I'd answer both, but if you're just starting up, I suggest that you use a keyword that's a lot more specific, i.e. the long tails. Even though this doesn't bring you that much traffic, at least the chances of conversions are a lot higher because you're giving the people something that's close to, if not exactly, what they're looking for.
A long tail word consists of more than 2 words and it will give you bigger chances to appear on search engines.
The length of the term isn't as important as the frequency.
The long tail is a marketing theory that existed well before, and outside of, search but given the depth of search engines it's the prime example these days.
What it comes down to is that, while the top end of business is most visible, the bulk of activity actually comes from the less frequented, but far more volumous, individual. Basically while you see a lot of people searching for "pizza", if you add up all the people searching for pepperoni pizza or pizza delivery at disneyland you'd get a number that's far bigger than the bulk terms.
Draw this on a chart and what you get is a very short spike (the top term) and long but much lower quantity "tail". Because this tail goes so deep with all nuances that people input, it can mean big volume and better relevancy -- and quality trumps quantity any day.
As far as what's better, well as the longtail suggests, you'll get more volume from that. More so it's much easier to attack longtail terms than top ones. Of course the big terms remain the focus: it's appealing to go for the big wins and easier to focus on a few terms than thousands but even still you should avoid fixating on the top, the volume of the middle and bottom quartiles can be amazing and again there's that relevancy card.
Related reading: http://www.amazon.com/The-Long-Tail-Business-Selling/dp/1401302378
Many webmasters believe that through using long-tail keywords, the chances of conversions and sales will be going up considerably than the time they were only targeting keywords consisting of only a few terms that sometimes might not be even used by real customers. This theory is even accurate in advertising projects including AdWords because the longer phrases set by advertisers might be actually used by the real web shoppers.
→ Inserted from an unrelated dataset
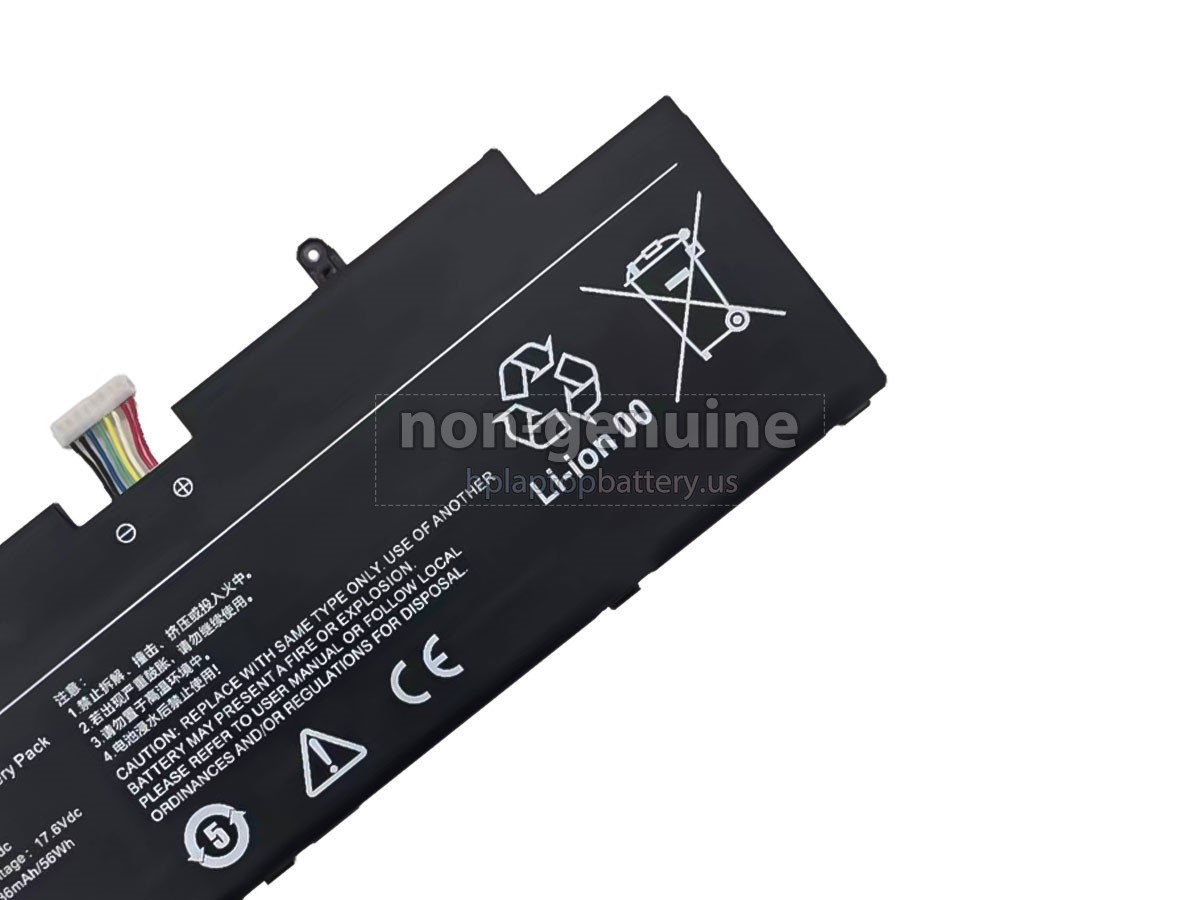 replacement XiaoMi R14B02W battery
When you target longer terms instead of one or two-word terms, you will be narrowing down the niches, naturally focusing on some web-specific subjects that can be great for many people to find. Besides, by turning to long-term phrases, especially for newly launched websites, getting top ranks seems more logical because the markets will not be that competitive as when you were only targeting very short, primary keywords.
Any word or term that is exact and generic is a short-tail keyword. For example, if your business is to sell cupcakes, your campaign's short-tail keyword must be "cupcake." When internet users search this term in search engine, your website or blog might appear in the front page. However, the use of short-tail keyword proves to be ineffective because the competition is tight and the chance of receiving unique clicks is low. A long-tail keyword is a group of words or terms that usually make sense. For example, if you're selling cupcake, your long-tail keyword to optimize must be "where to buy delicious cupcake" or "how to make a cheese cupcake."
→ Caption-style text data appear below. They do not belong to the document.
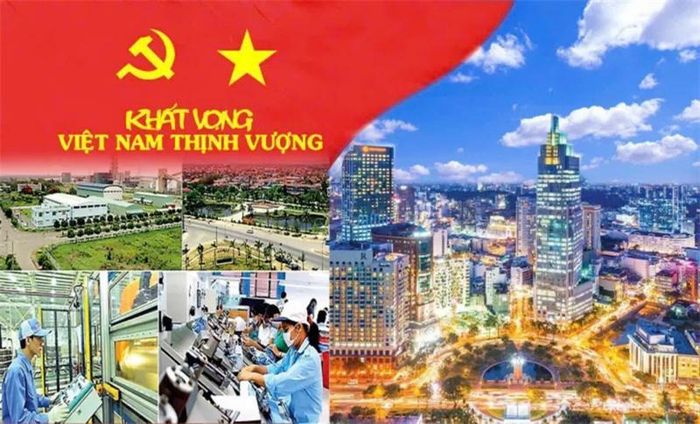Mô hình tăng trưởng mới, theo Tổng Bí thư, Chủ tịch nước Tô Lâm cần phải dựa trên năng suất, khoa học - công nghệ, đổi mới sáng tạo, chuyển đổi số và dữ liệu.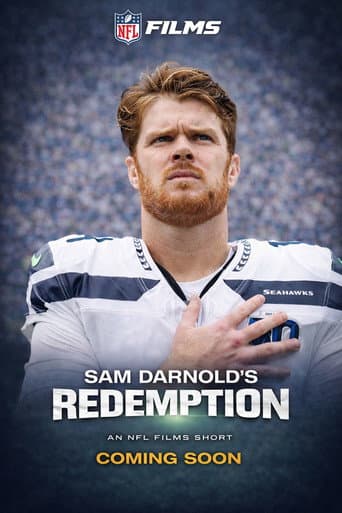 Poster for Sam Darnold's Redemption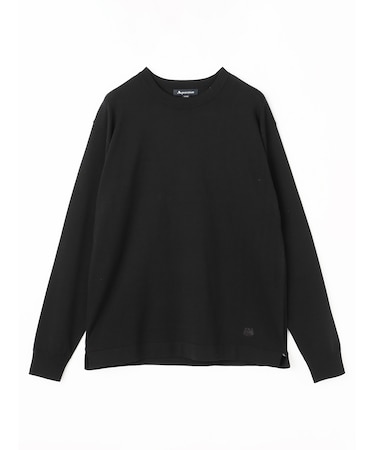 TEC.3 Crew-neck Long-sleeve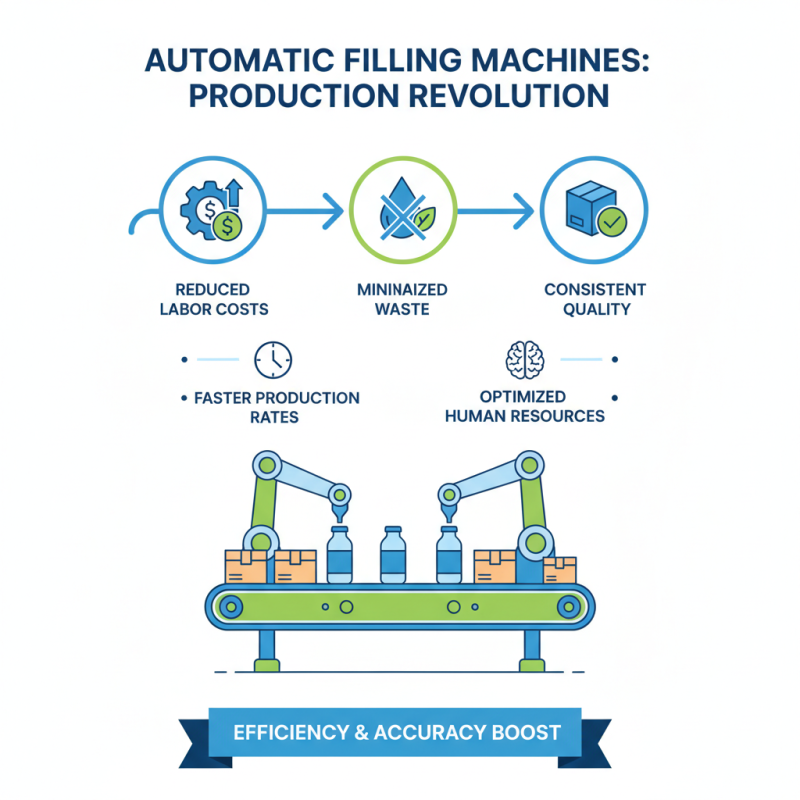 Top 10 Automatic Filling Machines: Boost Your Production Efficiency Today!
When promoting a website, it's better to use a long-tail keyword for the reason that thousands of people around the world search it. Long-term keyword has also a high click rate and its competition is either low.
Short tail or simple keywords are composed of 1, or to the maximum of 3 words these keywords usually have high search volume this is the reason why these keywords have enough competition. On the other hand long tail keywords are usually composed of around 4 to 7 words. These keywords have less search volume and so less competition.
The core question here has been well answered [thanks to everyone who chimed in]... If there's another element you'd like to discuss please do so but let's avoid any further explanations of what's been covered.